A Sergio Marchionne l’aria degli Usa, anche se gelida in questo periodo dell’anno, fa bene. E lo stesso vale per John Elkann. A dispetto delle polemiche che infiammano il dibattito sindacale in Italia, amministratore delegato di Chrysler e presidente di Fiat, hanno scelto il «clima positivo del salone di Detroit grazie al settore in ripresa» per dare due annunci: la salita di Fiat in Chrysler dal 20 al 25%, con l'obiettivo di raggiungere il 51% entro l’anno (Marchionne, il quale ha anche precisato che manterrà «la guida di Fiat e Chrysler oltre il 2011»); l’intenzione di Fiat Industrial, società da una settimana quotata a Milano, di rilevare i camion di Volkswagen se i tedeschi mettessero questa divisione in vendita (Elkann). L’affermazione del presidente di Fiat ribalta di colpo la percezione che il mercato aveva su Iveco: da preda, il costruttore di camion diventa predatore, rispondendo anche alle voci, peraltro confermate dai diretti interessati (il numero uno Dieter Zetsche), dell’interesse di Daimler verso la società con al volante Alfredo Altavilla. «Al momento - ha aggiunto Marchionne - non ci sono trattative». Lanciato il sasso, bisogna vedere che cosa risponderanno da Wolfsburg, a loro volta smaniosi di portare a casa propria l’Alfa Romeo. Si apre così un risiko che animerà i prossimi mesi e potrebbe dare uno scossone a Piazza Affari, sin da oggi, alle azioni di Fiat Industrial.
Fatte alcune precisazioni («non vendiamo nulla: né l'Alfa Romeo, che tornerà sul mercato Usa nel 2012, né Iveco, né Magneti Marelli, e tantomeno pensiamo di quotare parte di Ferrari»), Marchionne è quindi entrato nel merito della scalata in Chrysler. Per arrivare al 51% nel modo più conveniente, Marchionne dovrà cercare di rimborsare alle autorità Usa e canadesi i prestiti ricevuti (oltre 7,4 miliardi di dollari) che, tra l'altro, garantiscono ai contribuenti dei due Paesi interessi di peso: circa un miliardo.
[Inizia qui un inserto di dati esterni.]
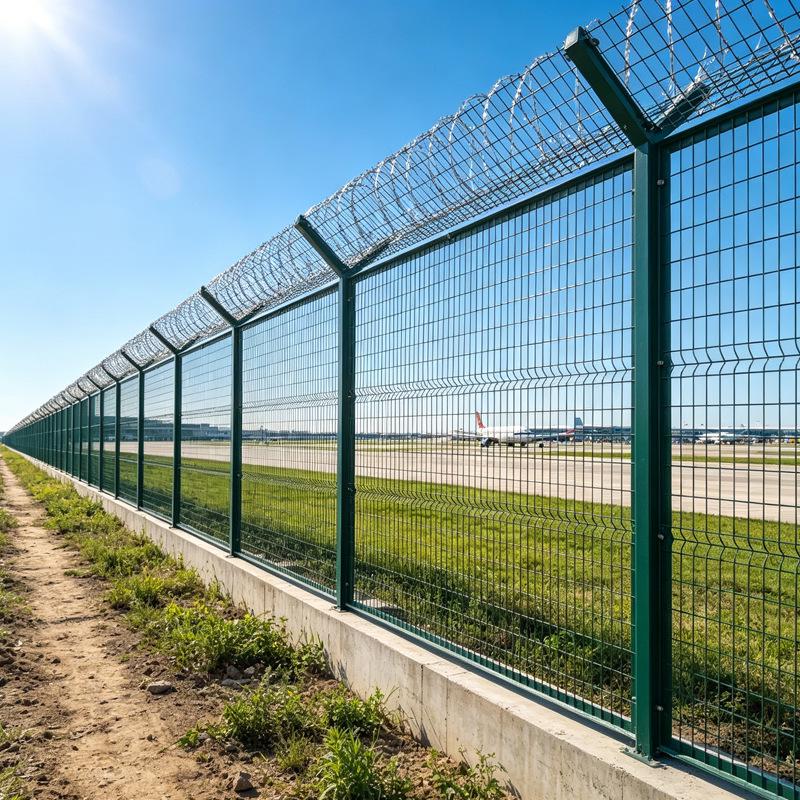 Anti-Climb Y-Post Guardrail Mesh with Barbed Wire for Detention Centers and Borders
Infatti, se la partecipazione fino al 35% avverrà automaticamente e in base alle tecnologie “verdi“ che via via la Fiat renderà disponibili alla casa Usa, l’opzione sul restante 16% scatterà quando la Chrysler avrà azzerato il debito con le autorità. Questa parte di quota, comunque, non sarà a zero dollari come nel caso delle precedenti, e per ottenerla a un prezzo interessante (480 milioni, per Barclays), Marchionne dovrà prendersela prima che venga fissato il costo di mercato di riferimento, in anticipo dunque sull’Ipo. Gli analisti stimano un risparmio, in caso di rimborso accelerato e prima della quotazione, tra 1,5 e 2 miliardi di dollari. «Le risorse le abbiamo - ha spiegato Marchionne -: Chrysler non ha bisogno di Fiat in quel senso, e Fiat può fare quello che vuole senza vendere alcunchè». Utili, a questo proposito, saranno comunque i 3 miliardi di dollari in contributi “verdi“ che il Dipartimento dell’energia dovrebbe presto rendere disponibili alla casa di Auburn Hills.
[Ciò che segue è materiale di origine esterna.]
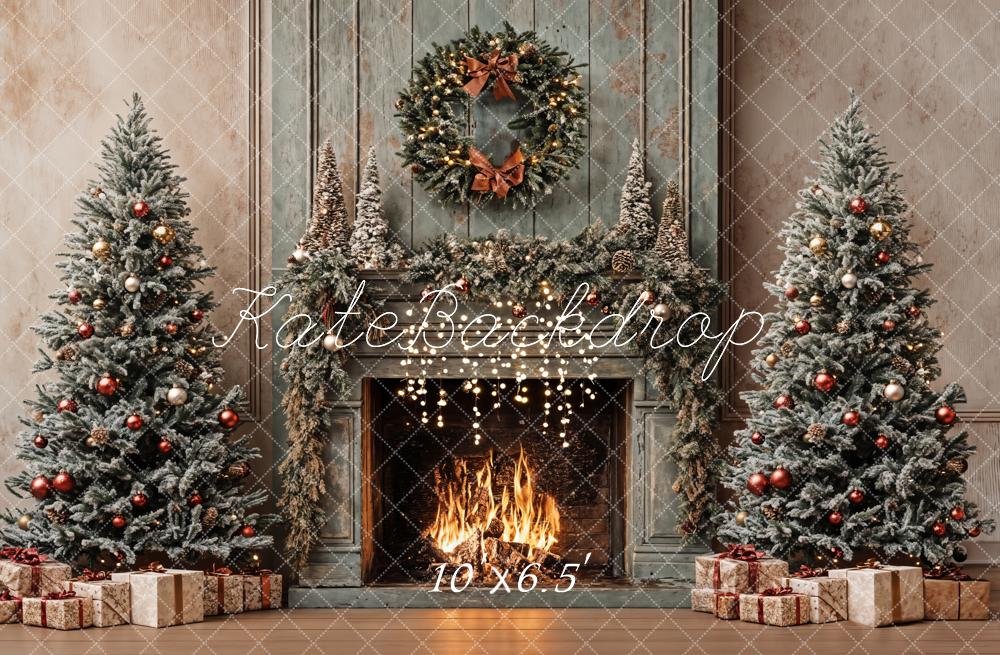 Kate Retro Christmas Tree Fireplace Backdrop Designed by Emetselch - Kate Backdrop AU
Il passaggio del Lingotto al 25% nel gruppo Usa è comunque dettato dalla certificazione del primo motore con tecnologia italiana (il “Fire“ prodotto a Dundee, nel Michigan) da utilizzare in Nordamerica. «Con l’aumento del peso di Fiat - si legge in una nota - l’azionariato di Detroit vede i sindacati Uaw e Veba detenere il 63,5% del capitale, il Tesoro Usa il 9,2% e il governo canadese il 2,3%».
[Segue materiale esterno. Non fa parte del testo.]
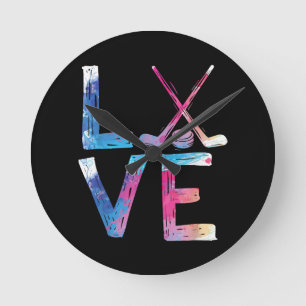 Horloge Ronde Amour Hockey sur glace filles Dons de hockey femme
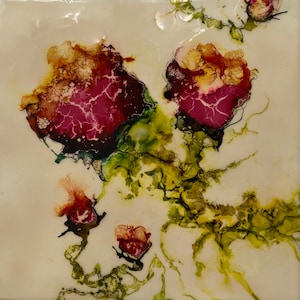 Roses Encaustic Art Painting with Encaustic Flowers Art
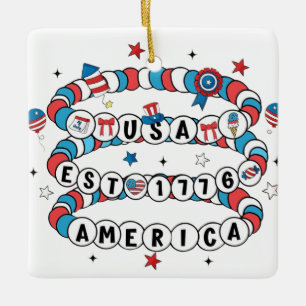 USA EST 1776 Beaded America Design Keramisch Ornament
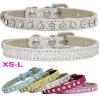 FNSK Shiny Diamond Rhinestone Harness and Collar, Faux Leather Strap for Puppies and Cats (Silver 2, M) view 2
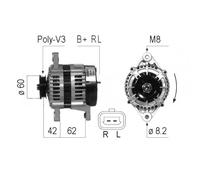ERA Alternatore Generatore 65A 14V per Chevrolet Matiz 0.8 1.0 LPG 1.2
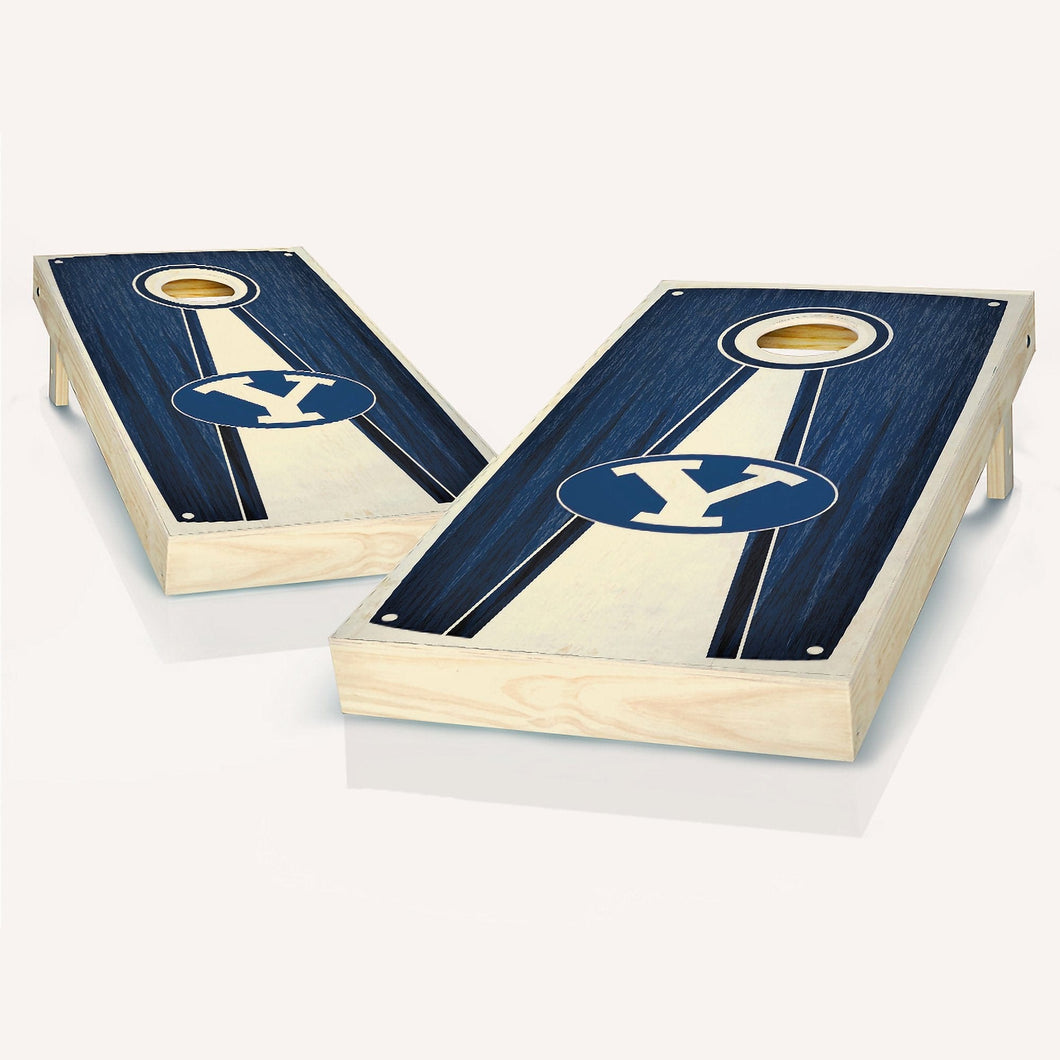 BYU Stained Pyramid Cornhole Boards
Le prossime tappe che porteranno il Lingotto al 35% riguardano l’aumento dei ricavi e delle vendite di Chrysler al di fuori dell’area Nafta, e la produzione commerciale negli Usa di una vettura basata su una piattaforma Fiat con prestazioni di almeno 40 miglia per gallone. Il clima di ritrovato ottimismo negli Usa ha in parte attutito le notizie sulle nuove minacce a Marchionne, firmate con la stella a 5 punte, in arrivo dall’Italia.

«Sono scritte fuori posto - taglia corto il top manager - che riflettono la mancanza di civiltà che non è opportuna per l’Italia e per nessun altro Paese: siamo fiduciosi che prevalga l’aspetto razionale e l’ideologia politica resti fuori dalla fabbrica». Elkann ascolta e tace, lasciando campo libero a Marchionne. La posizione degli Agnelli sul futuro di Fiat è chiara: si guarda avanti, senza essere schiavi del passato e delle paure.